Danke für deine Antwort, aber ich mach doch so ziemlich dassselbe und es klappt nicht, ich poste hier einfach mal den Code, ich hoffe es kann mir jemand weiterhelfen. Also wie gesagt, die Sortierung wird einfach ignoriert, egal ob ich sie wie in dem Beispiel hier zuerst durch die m_strSort setze oder per ORDER BY in meinen Query aufnehme, woran kann das liegen?

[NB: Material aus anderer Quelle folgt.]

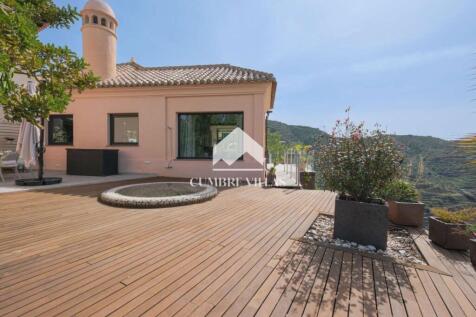 Property Image 71
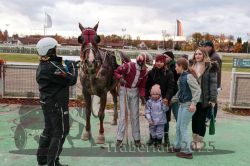 Dateiname=20251026_r05_120_R05_0442.jpg
Dateigröße=328KB
Abmessungen: 1000x667
hinzugefügt am: 28. Oktober 2025 20251026_r05_120_R05_0442.jpg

void CAuftraegeDlg::bookinglist_refresh()
{
	//Deklarationen
	CRecordset rcsRecordset;
	CString strBookId;
	CString strKdnr;
	CString strStatusId;
	CString strPayId;
	CString strDatetime;

	//Recordset initialisieren
	rcsRecordset.m_pDatabase = m_dbDatabase;

	//Sortierung setzen
	rcsRecordset.m_strSort = "dti_datetime";

	//Query ausführen
	rcsRecordset.Open(CRecordset::forwardOnly, _T("SELECT * FROM shop_booking_properties"), CRecordset::executeDirect);


	//Ergebnisse in Liste schreiben
	do
	{
		//Felder auslesen
		rcsRecordset.GetFieldValue("book_id", strBookId);
		rcsRecordset.GetFieldValue("str_kdnr", strKdnr);
		rcsRecordset.GetFieldValue("stat_id", strStatusId);
		rcsRecordset.GetFieldValue("pay_id", strPayId);
		rcsRecordset.GetFieldValue("dti_datetime", strDatetime);

		//Daten in Liste schreiben
		m_lstAuftraege.AddString(strBookId + "      " + strKdnr + "      " + strDatetime + "      " + strStatusId + "      " + strPayId);

		//Nächster Datensatz
		rcsRecordset.MoveNext();

	} while (!rcsRecordset.IsEOF());

}


Danke, 


NBOne


----------